Loin d’affaiblir le FN au profit de l’UMP, la stratégie d’extrême-droitisation de l’UMP produit exactement l’inverse. Elle renforce l’extrême-droite. C’est le maire d’extrême-droite d’Orange Jacques Bompard qui récupère la circonscription de Thierry Mariani dans le Vaucluse. C’est dans ce même département que le FN gagne un de ses deux sièges avec Marion Maréchal-Le Pen. Et, dans le Gard voisin, si un député UMP-Droite Populaire est battu, c’est dans la circonscription d’à côté que Gilbert Collard est élu à la faveur d’une triangulaire et d’un effondrement de l’UMP au profit du FN entre les deux tours. A noter qu’aucun candidat FN n’obtient plus de 50% des suffrages dans le pays, les deux élus l’étant dans des triangulaires avec 42% des voix et que les trois députés d’extrême-droite sont élus dans des terres anciennes d’implantation du FN. Bien qu’en hausse entre les deux tours, les autres dirigeants du FN n’ont pas réussi à s’imposer comme Florian Philippot et Marine Le Pen battus en Moselle et dans le Pas-de-Calais.

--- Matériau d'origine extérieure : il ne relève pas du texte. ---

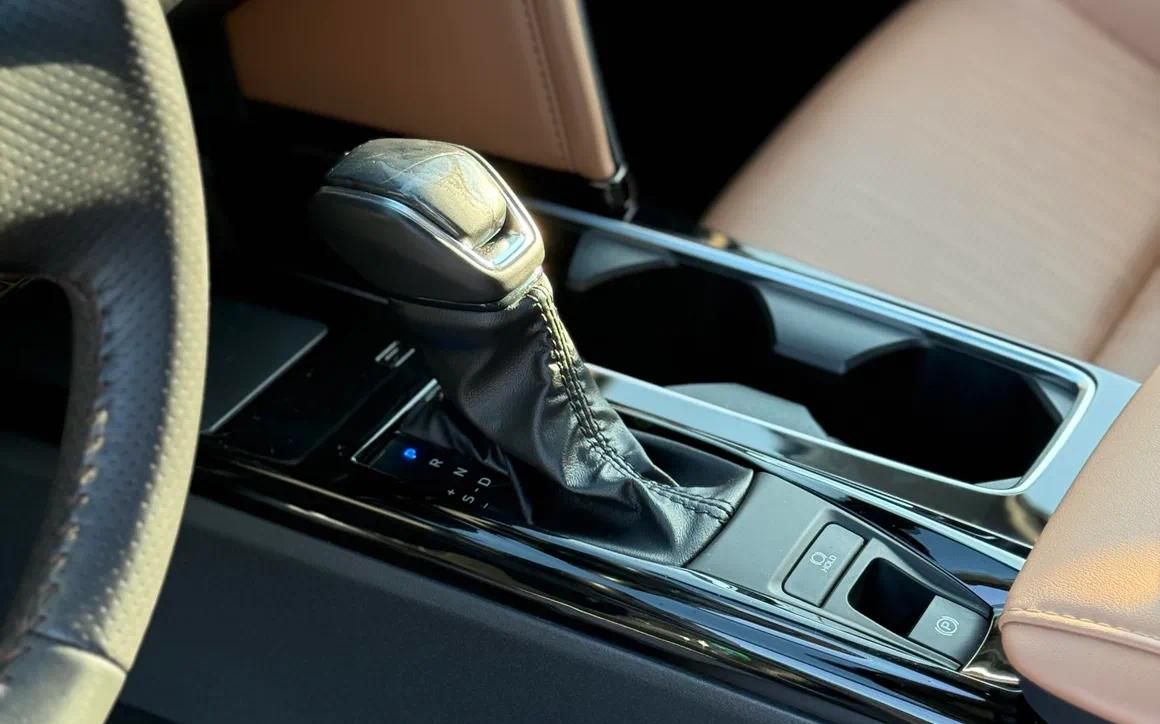 Toyota Camry - image 7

Le FN perd dans 57 circonscriptions sur les 59 où il était présent au second tour. Pire, il est battu dans les 31 duels qui l’opposaient soit à la gauche (22 dont 20 PS-FN) soit à l’UMP (9). Et dans un cas sur deux, les "consignes" de Marine Le Pen appelant à faire battre 8 candidats n’ont pas fait la décision.

Le PS hégémonique

Avec 51% des voix au second tour, la gauche remporte 343 sièges. Elle gagne au total 118 sièges. Le PS se trouve dans une configuration inédite depuis 1981. Avec 280 députés, il tutoie la majorité absolue à lui seul à l’Assemblée (289 voix) d’autant qu’il pourra compter sur les 19 députés divers gauche, pour l’essentiel des dissidents socialistes. A cela, le PS peut encore ajouter les 15 sièges des députés PRG et MRC qu’il a fait élire. Au total, les soutiens de François Hollande au premier tour de la présidentielle trustent 314 sièges soit 54% de l’Assemblée.

Le PRG et Europe Ecologie Les Verts auront plus de sièges que le FG. Pour autant, avec 17 députés dont seulement 16 siègeront, le groupe EELV ne pèsera pas comme il l’espérait à l’Assemblée, le PS pouvant se passer de ses voix. Surtout, l’accord électoral signé entre le PS et EELV prévoyait entre 25 et 30 députés EELV en cas de victoire de la gauche. A l’arrivée, EELV obtient moitié moins de députés que prévu.

Le FG rassemble au 2e tour

Avec 10 députés, le Front de Gauche réalise quasiment un sans-faute au second tour. Seul un candidat FG échoue face à Jean-Louis Borloo dans le Nord. Dans les autres circonscriptions, les candidats FG rassemblent très largement. C’est bien sûr le cas de Marc Dolez, Marie-George Buffet et trois autres candidats qui restaient seuls en lice et sont élus avec 100% des voix. C’est aussi vrai pour Gaby Charroux et Alain Bocquet qui obtiennent plus de 60% dans des duels avec le FN. Jacqueline Fraysse, André Chassaigne et Patrice Carvalho l’emportent sur l’UMP dans les deux premier cas, dans une triangulaire contre le sortant UMP et un FN dans le troisième. Enfin, les scores solides du FG au premier tour permettent la défaite de la droite et du FN dans des scrutins serrés comme à Hénin-Beaumont, Marseille-3 ou dans les 15 autres circonscriptions où le candidat de gauche est élu avec moins de 51%.

Et maintenant ?

Le système de la Vème République atteint son paroxysme avec une majorité écrasante pour un président qui a réuni moins de 30% des voix au premier tour de la présidentielle. Avec le contrôle de l’Assemblée, du Sénat, de 23 régions sur 24, de 61 départements sur 100 et de la majorité des villes du pays, le PS a désormais tous les leviers du régime en main. Comme l’écrit même Le Nouvel Observateur : s’il échoue, il n’aura "aucune excuse".